• [Work to complete]
Go through the listing below and repeat it exactly, dropping the pictures.

**********

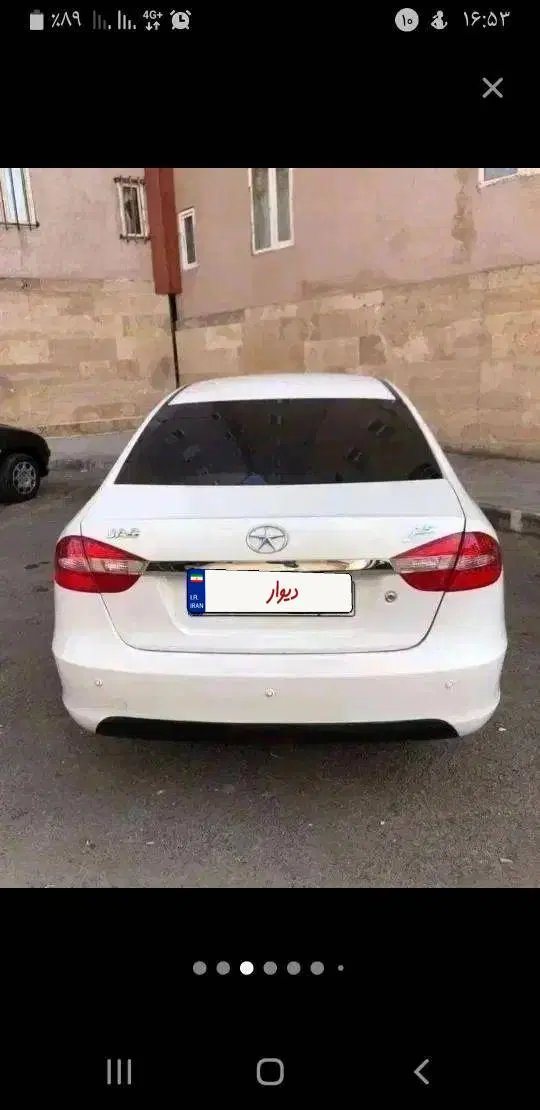 جک j5|خودرو سواری و وانت|تهران, سعادتآباد|دیوار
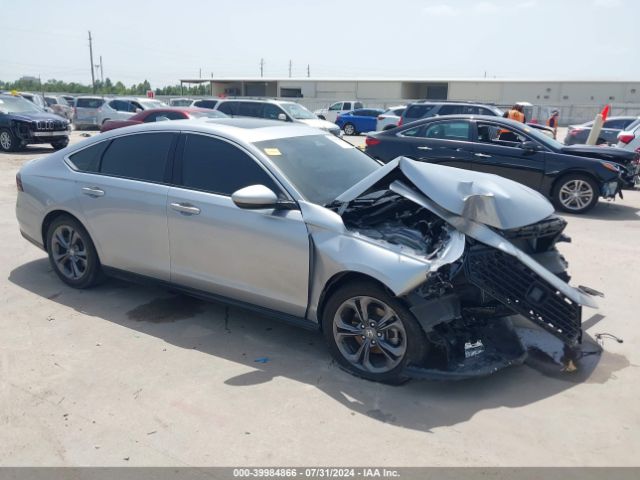1HGCY1F36PA008591 Honda ACCORD EX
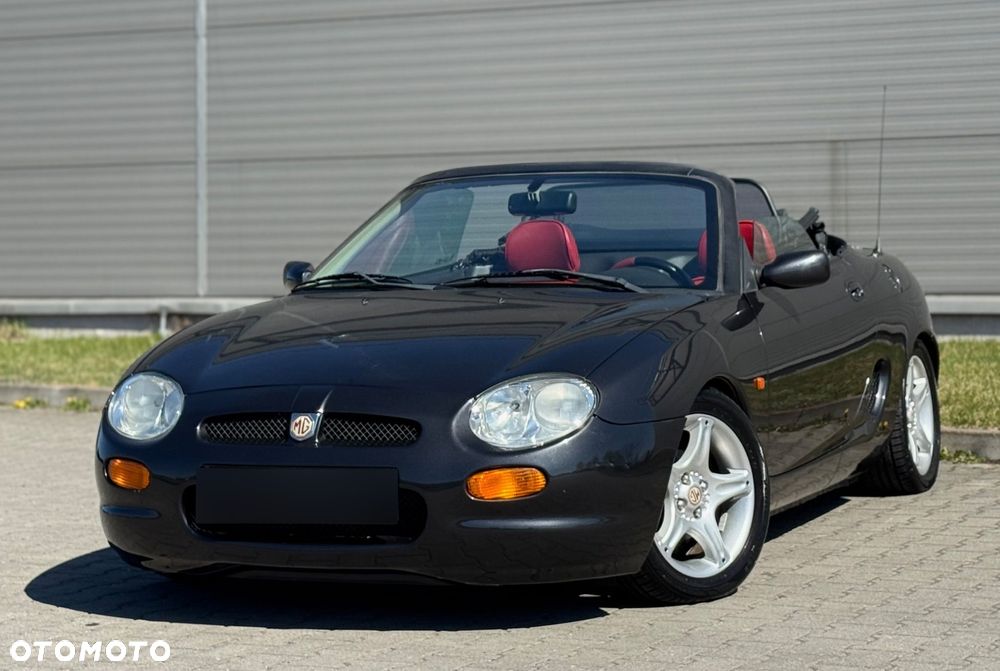 MG MGF - 22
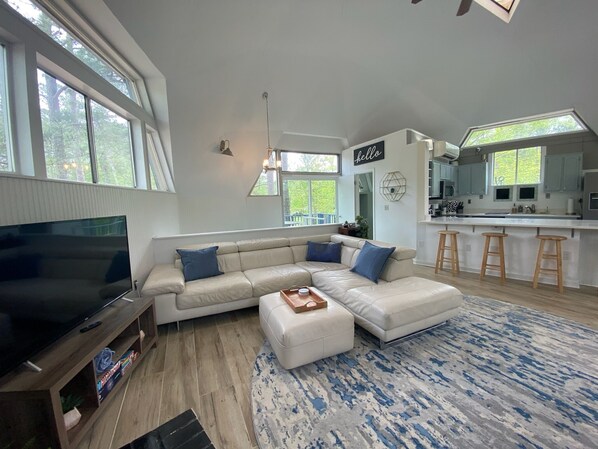 Téléviseur connecté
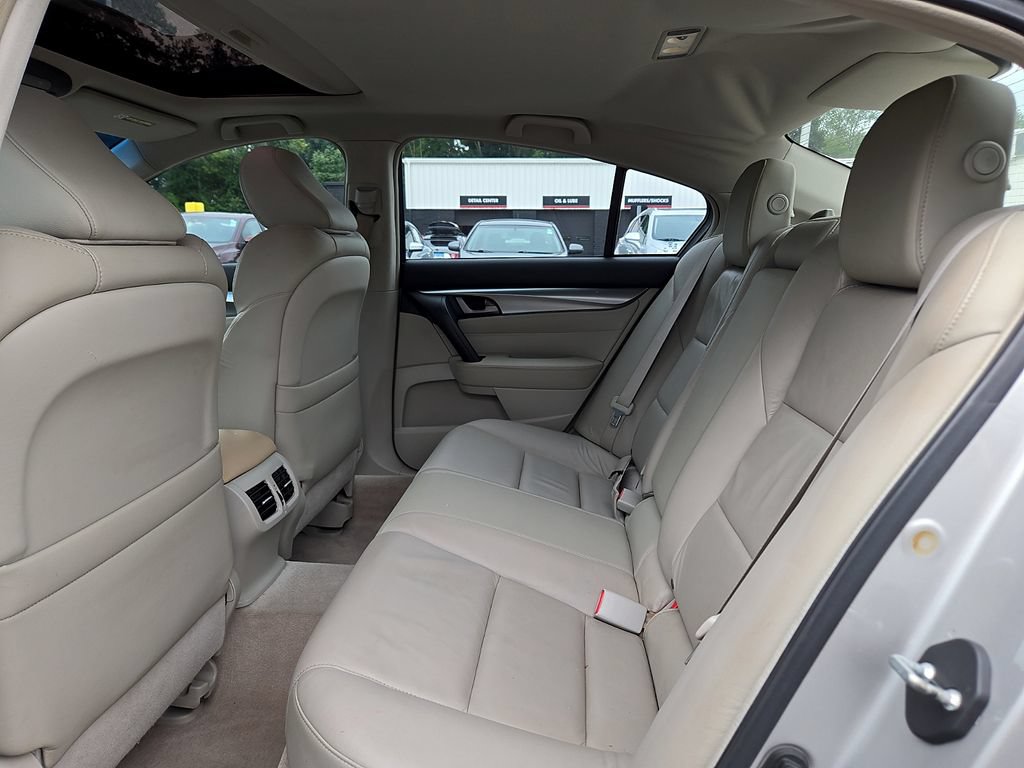 Used 2010 Acura TL FWD image 11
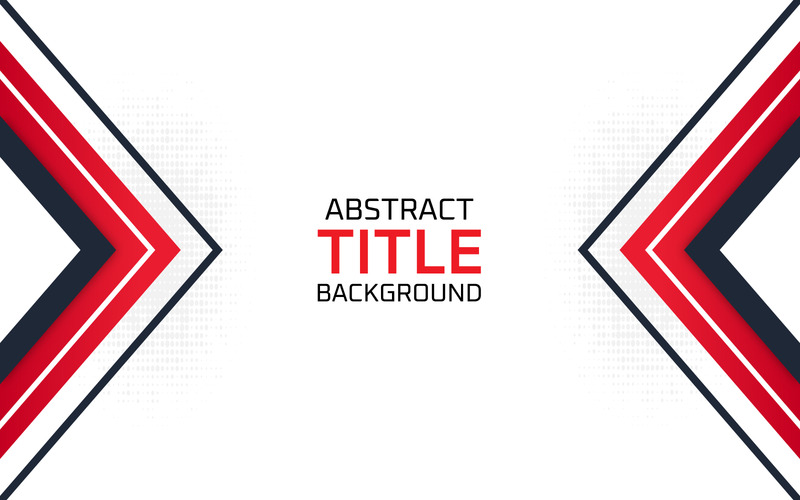 Premium Abstract Sharp Background - Features Image 1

**********

• [Problem solution]
 جک j5|خودرو سواری و وانت|تهران, سعادتآباد|دیوار
1HGCY1F36PA008591 Honda ACCORD EX
 MG MGF - 22
 Téléviseur connecté
 Used 2010 Acura TL FWD image 11
 Premium Abstract Sharp Background - Features Image 1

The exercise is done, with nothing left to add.